Exercise goal
Please write out the final portion of the records below exactly: the line containing "Wireless Remote Con...", every line after it, and nothing else.

Data to process
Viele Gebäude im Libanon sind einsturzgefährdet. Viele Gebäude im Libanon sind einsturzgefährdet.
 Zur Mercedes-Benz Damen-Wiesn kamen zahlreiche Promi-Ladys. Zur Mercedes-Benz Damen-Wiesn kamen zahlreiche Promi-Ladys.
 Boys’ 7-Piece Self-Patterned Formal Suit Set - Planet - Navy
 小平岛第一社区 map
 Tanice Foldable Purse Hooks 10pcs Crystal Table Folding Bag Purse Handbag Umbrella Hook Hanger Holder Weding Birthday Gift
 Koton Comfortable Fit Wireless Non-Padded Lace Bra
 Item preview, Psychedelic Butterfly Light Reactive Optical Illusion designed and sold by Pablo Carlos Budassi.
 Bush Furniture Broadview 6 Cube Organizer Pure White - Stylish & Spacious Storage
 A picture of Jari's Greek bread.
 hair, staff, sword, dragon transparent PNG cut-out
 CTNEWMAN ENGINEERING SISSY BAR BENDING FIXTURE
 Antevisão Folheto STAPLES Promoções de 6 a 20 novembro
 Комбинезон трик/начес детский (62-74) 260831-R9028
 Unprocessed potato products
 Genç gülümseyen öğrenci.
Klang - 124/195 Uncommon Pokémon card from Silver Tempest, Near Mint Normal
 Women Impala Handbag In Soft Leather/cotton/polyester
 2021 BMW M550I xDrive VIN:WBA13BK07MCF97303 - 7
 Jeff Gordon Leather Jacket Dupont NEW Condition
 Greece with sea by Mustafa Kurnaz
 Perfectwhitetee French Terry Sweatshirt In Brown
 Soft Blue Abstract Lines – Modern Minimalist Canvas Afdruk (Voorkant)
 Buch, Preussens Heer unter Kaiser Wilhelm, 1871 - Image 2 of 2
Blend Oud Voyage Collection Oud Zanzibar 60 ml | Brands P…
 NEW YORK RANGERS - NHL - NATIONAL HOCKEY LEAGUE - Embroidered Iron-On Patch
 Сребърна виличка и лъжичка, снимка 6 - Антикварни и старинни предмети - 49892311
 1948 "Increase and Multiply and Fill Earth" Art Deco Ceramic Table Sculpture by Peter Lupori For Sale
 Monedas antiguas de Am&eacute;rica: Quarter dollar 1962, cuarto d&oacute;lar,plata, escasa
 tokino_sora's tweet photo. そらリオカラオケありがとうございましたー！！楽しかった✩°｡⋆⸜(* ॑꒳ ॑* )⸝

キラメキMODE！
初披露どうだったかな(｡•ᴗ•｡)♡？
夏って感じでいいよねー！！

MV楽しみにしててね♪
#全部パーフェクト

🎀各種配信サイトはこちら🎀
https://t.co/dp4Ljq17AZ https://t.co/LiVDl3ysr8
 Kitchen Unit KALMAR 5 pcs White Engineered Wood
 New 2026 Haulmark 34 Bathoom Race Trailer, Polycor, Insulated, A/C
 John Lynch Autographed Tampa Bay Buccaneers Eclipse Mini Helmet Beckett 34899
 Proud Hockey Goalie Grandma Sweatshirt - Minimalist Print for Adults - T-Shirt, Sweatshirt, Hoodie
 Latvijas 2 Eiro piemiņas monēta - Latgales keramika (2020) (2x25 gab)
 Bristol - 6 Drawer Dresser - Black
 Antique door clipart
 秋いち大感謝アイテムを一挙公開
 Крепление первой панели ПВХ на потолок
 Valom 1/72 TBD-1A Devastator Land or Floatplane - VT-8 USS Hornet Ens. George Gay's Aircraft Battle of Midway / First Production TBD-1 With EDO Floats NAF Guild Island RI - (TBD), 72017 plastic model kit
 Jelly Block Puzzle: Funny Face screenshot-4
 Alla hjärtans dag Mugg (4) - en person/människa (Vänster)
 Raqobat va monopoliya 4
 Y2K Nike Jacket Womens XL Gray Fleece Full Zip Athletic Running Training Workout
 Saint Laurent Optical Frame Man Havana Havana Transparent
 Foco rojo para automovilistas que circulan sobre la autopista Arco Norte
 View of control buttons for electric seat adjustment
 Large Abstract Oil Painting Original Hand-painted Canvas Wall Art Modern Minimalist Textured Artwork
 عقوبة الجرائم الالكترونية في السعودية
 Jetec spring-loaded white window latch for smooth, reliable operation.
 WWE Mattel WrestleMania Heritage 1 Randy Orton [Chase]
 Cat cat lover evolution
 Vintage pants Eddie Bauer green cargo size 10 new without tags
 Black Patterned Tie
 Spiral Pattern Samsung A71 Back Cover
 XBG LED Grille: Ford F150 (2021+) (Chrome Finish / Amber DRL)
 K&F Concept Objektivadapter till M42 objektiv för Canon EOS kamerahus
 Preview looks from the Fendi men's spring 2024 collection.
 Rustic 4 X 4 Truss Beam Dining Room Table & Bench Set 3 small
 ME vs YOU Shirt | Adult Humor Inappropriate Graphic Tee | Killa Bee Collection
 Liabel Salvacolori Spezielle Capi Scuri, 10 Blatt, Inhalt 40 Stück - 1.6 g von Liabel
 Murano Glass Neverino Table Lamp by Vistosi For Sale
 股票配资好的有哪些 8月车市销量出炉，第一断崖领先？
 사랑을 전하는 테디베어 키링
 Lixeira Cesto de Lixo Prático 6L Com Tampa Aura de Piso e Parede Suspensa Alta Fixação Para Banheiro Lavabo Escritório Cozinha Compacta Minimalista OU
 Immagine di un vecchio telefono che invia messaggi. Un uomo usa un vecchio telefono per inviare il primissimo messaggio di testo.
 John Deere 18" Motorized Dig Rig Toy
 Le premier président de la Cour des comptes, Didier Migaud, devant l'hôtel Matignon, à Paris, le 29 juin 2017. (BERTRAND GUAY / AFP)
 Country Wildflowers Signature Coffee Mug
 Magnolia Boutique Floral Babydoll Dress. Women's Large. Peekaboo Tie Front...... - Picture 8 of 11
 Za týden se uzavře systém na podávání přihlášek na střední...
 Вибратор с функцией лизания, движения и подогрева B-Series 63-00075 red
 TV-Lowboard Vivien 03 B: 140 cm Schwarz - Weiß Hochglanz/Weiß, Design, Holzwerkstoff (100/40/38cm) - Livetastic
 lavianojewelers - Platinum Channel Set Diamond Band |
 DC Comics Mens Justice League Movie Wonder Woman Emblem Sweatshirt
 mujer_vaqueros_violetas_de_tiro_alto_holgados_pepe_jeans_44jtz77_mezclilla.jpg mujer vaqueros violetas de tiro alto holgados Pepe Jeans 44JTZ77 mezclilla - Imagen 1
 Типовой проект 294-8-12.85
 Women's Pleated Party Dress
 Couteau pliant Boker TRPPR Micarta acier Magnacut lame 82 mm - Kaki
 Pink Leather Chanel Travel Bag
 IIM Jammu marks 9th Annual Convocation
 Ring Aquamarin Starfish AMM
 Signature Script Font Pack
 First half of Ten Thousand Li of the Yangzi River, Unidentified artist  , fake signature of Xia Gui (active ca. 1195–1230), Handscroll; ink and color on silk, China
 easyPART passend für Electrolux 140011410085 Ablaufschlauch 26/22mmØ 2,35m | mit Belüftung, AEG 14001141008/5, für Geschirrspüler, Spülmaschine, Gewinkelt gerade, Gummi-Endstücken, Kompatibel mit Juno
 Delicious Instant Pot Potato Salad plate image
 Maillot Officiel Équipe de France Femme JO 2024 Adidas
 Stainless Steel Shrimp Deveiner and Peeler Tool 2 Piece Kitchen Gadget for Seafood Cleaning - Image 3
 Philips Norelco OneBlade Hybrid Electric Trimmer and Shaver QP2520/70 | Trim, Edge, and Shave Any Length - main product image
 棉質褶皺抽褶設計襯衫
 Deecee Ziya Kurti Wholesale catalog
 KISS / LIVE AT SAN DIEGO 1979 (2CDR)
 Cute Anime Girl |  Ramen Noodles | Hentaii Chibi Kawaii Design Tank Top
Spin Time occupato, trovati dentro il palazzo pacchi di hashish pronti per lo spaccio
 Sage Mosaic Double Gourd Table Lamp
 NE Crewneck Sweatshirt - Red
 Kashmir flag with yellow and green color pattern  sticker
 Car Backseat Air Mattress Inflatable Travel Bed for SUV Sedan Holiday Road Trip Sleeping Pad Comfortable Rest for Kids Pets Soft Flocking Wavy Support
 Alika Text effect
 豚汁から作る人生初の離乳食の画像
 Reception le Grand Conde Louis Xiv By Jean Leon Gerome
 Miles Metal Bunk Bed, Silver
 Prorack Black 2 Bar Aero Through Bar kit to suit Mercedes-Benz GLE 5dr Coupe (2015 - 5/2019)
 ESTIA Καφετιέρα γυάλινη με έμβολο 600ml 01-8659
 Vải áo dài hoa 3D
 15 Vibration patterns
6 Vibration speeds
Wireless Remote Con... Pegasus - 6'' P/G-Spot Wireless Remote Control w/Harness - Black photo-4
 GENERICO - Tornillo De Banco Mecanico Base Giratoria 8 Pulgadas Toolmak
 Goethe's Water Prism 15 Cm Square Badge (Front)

Task solution
Wireless Remote Con... Pegasus - 6'' P/G-Spot Wireless Remote Control w/Harness - Black photo-4
 GENERICO - Tornillo De Banco Mecanico Base Giratoria 8 Pulgadas Toolmak
 Goethe's Water Prism 15 Cm Square Badge (Front)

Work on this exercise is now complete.